Mouthrinses: trial finds alcohol-free rinses have similar effects on plaque levels to those containing alcohol


Alcohol has been used in mouthrinses as a solvent for agents such chlorhexidine (CHX), cetylpyridinium chloride (CPC) and essential oils. However for or certain groups of people, for example those with previous alcohol problems, pregnant women, children or members of some religious groups, alcohol-containing mouthrinses are not appropriate.

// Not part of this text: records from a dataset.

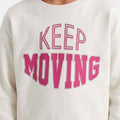 Boys ecru sweatshirt close-up of "KEEP MOVING" pink and magenta print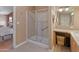 Bathroom with shower, vanity, and tiled floor at 11596 W Sierra Dawn Blvd # 377, Surprise, AZ 85378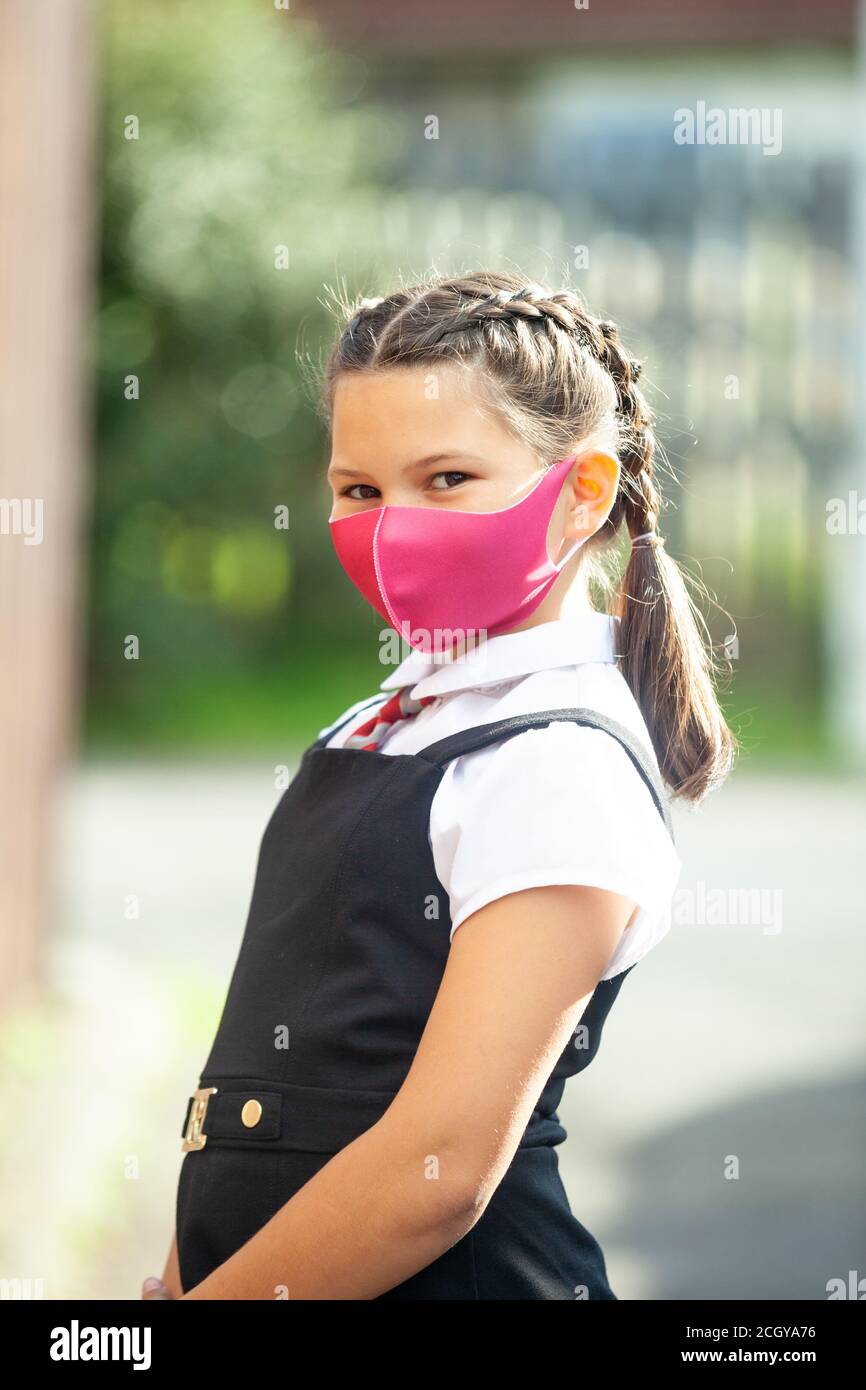 A ten year old schoolgirl in a school uniform with her hair in braids and wearing a pink face mask. Stock Photo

The aim of this study was to test the efficacy of two alcohol-free antimicrobial mouthwashes in reducing plaque and gingivitis compared to an alcohol-containing rinse and toothbrushing alone.


This was a single centre study. Health adult patients with a minimum of 20 permanent teeth were eligible for inclusion. Patients were stratified by sex and papillary bleeding index (PBI) and randomised into 4 groups; (A) toothbrushing + rinsing (0.06% chlorhexidine [CHX] + 0.025% sodium fluoride [NaF], alcohol-containing rinse, positive control); (B) toothbrushing + rinsing (0.06% CHX + 0.025% NaF, alcohol-free experimental rinse); (C) toothbrushing + rinsing (0.06% CHX + 0.03% cetylpyridinium chloride [CPC] + 0.025% NaF, alcohol-free experimental rinse); (D) toothbrushing alone (negative control).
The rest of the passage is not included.